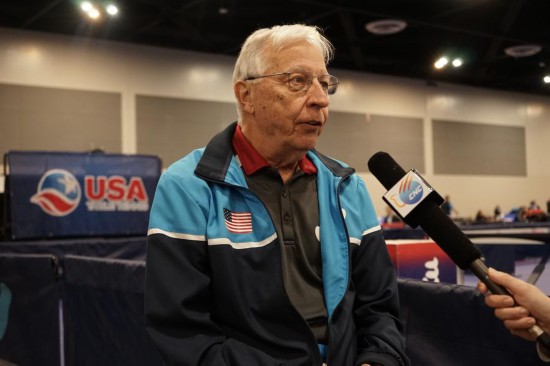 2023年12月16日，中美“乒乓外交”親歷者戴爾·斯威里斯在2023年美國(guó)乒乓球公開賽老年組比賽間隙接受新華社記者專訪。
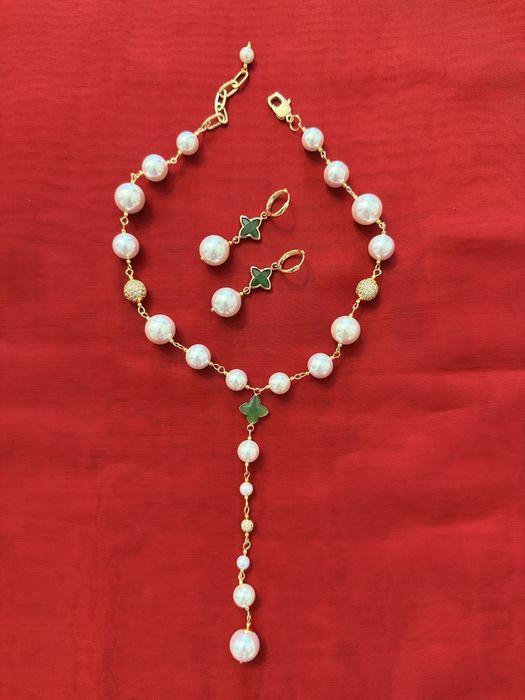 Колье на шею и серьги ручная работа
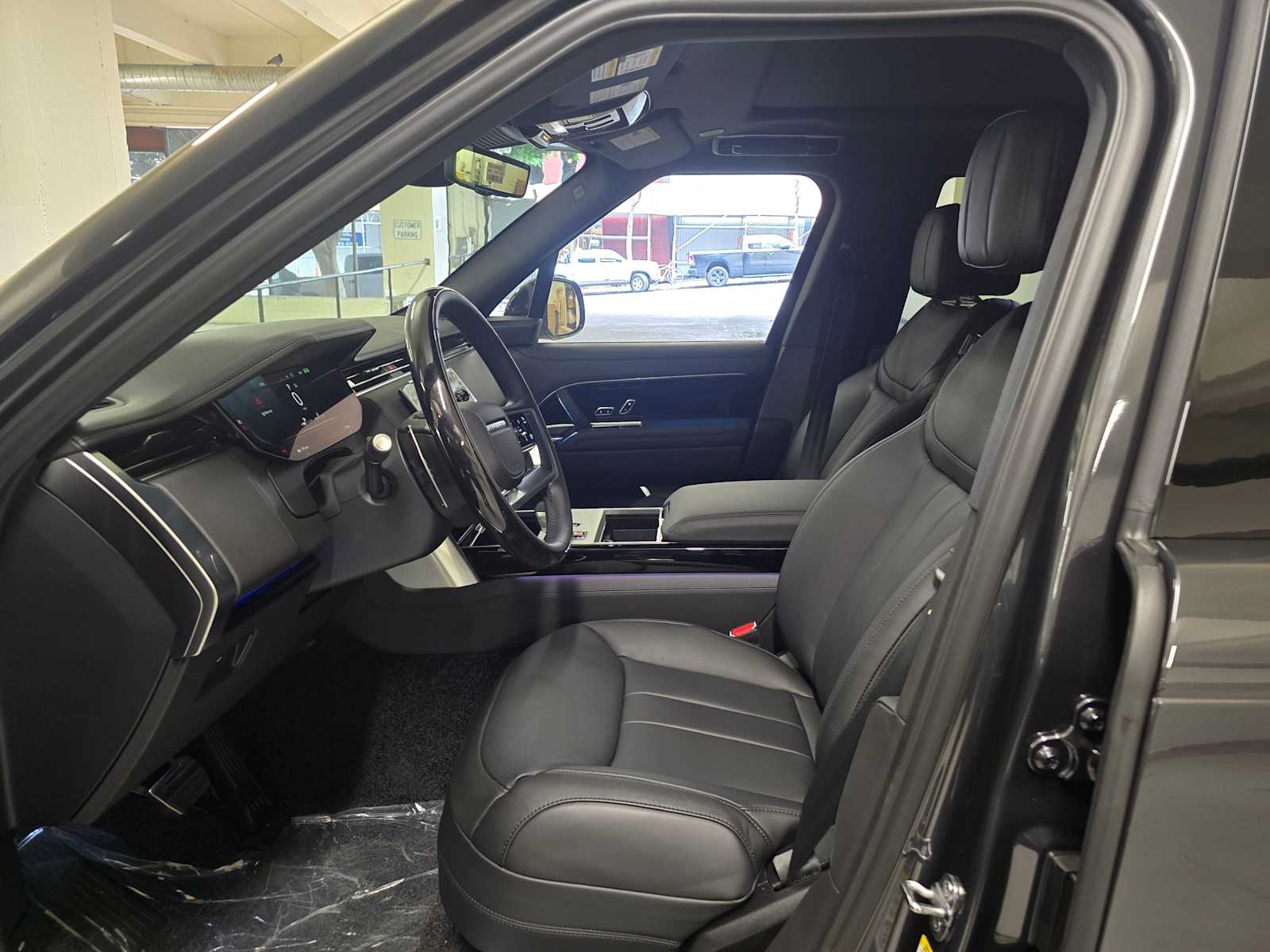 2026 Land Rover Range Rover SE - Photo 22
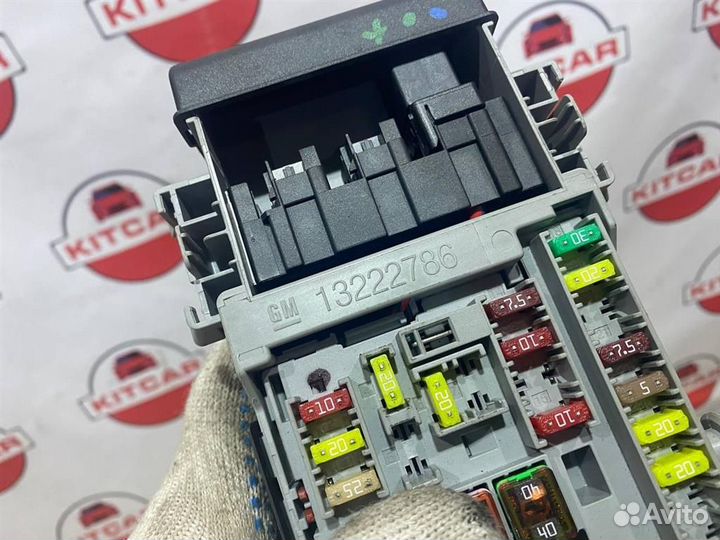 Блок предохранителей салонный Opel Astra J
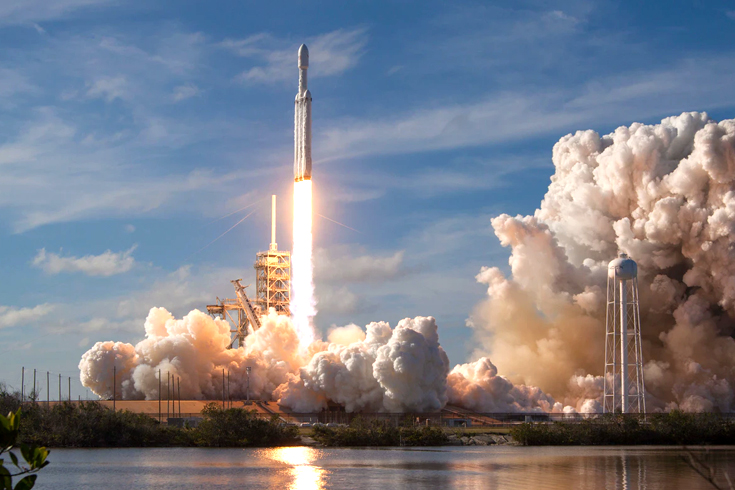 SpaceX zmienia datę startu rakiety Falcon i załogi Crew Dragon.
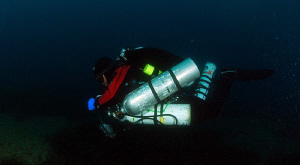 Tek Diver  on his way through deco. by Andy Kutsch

:::

With the pictures left out, copy exactly the lines from the one containing "SpaceX zmienia datę" through the final line of the records above, both included.

 SpaceX zmienia datę startu rakiety Falcon i załogi Crew Dragon.
 Tek Diver  on his way through deco. by Andy Kutsch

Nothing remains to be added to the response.